— EXERCISE BRIEF —
Begin with the first line of the listing and quote every line through the one containing "MENGXUAN Christmas Card"; give only those lines.

....

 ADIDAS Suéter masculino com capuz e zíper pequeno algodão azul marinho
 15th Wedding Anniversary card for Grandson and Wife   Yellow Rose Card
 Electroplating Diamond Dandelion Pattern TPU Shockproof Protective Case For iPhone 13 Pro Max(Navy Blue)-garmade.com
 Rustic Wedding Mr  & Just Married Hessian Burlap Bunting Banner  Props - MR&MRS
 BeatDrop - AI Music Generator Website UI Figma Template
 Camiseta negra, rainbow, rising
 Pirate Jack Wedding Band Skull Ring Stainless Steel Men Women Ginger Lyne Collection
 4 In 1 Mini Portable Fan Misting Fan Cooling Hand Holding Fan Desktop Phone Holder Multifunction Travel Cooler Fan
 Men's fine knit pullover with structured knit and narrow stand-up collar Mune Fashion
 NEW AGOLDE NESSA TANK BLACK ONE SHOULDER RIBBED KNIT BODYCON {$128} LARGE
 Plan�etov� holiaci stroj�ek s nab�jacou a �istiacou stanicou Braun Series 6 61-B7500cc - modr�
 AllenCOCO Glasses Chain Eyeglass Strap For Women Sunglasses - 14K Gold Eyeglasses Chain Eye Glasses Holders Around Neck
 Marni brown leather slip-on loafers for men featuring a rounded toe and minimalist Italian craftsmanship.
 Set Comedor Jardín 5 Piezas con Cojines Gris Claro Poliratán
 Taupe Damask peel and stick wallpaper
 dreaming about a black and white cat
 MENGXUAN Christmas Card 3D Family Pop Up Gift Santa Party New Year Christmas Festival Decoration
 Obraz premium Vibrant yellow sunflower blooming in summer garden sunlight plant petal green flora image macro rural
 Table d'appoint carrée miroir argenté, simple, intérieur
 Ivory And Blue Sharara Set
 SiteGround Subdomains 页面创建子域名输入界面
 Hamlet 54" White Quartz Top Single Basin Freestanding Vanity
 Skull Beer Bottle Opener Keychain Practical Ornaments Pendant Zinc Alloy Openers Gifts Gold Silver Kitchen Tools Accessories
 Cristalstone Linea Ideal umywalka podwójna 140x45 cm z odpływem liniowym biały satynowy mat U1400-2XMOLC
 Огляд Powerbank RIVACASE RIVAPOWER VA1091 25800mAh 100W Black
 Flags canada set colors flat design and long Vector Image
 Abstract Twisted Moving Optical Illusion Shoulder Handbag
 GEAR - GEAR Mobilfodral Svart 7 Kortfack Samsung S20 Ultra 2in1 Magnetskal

....

— FINISHED TASK —
 ADIDAS Suéter masculino com capuz e zíper pequeno algodão azul marinho
 15th Wedding Anniversary card for Grandson and Wife   Yellow Rose Card
 Electroplating Diamond Dandelion Pattern TPU Shockproof Protective Case For iPhone 13 Pro Max(Navy Blue)-garmade.com
 Rustic Wedding Mr  & Just Married Hessian Burlap Bunting Banner  Props - MR&MRS
 BeatDrop - AI Music Generator Website UI Figma Template
 Camiseta negra, rainbow, rising
 Pirate Jack Wedding Band Skull Ring Stainless Steel Men Women Ginger Lyne Collection
 4 In 1 Mini Portable Fan Misting Fan Cooling Hand Holding Fan Desktop Phone Holder Multifunction Travel Cooler Fan
 Men's fine knit pullover with structured knit and narrow stand-up collar Mune Fashion
 NEW AGOLDE NESSA TANK BLACK ONE SHOULDER RIBBED KNIT BODYCON {$128} LARGE
 Plan�etov� holiaci stroj�ek s nab�jacou a �istiacou stanicou Braun Series 6 61-B7500cc - modr�
 AllenCOCO Glasses Chain Eyeglass Strap For Women Sunglasses - 14K Gold Eyeglasses Chain Eye Glasses Holders Around Neck
 Marni brown leather slip-on loafers for men featuring a rounded toe and minimalist Italian craftsmanship.
 Set Comedor Jardín 5 Piezas con Cojines Gris Claro Poliratán
 Taupe Damask peel and stick wallpaper
 dreaming about a black and white cat
 MENGXUAN Christmas Card 3D Family Pop Up Gift Santa Party New Year Christmas Festival Decoration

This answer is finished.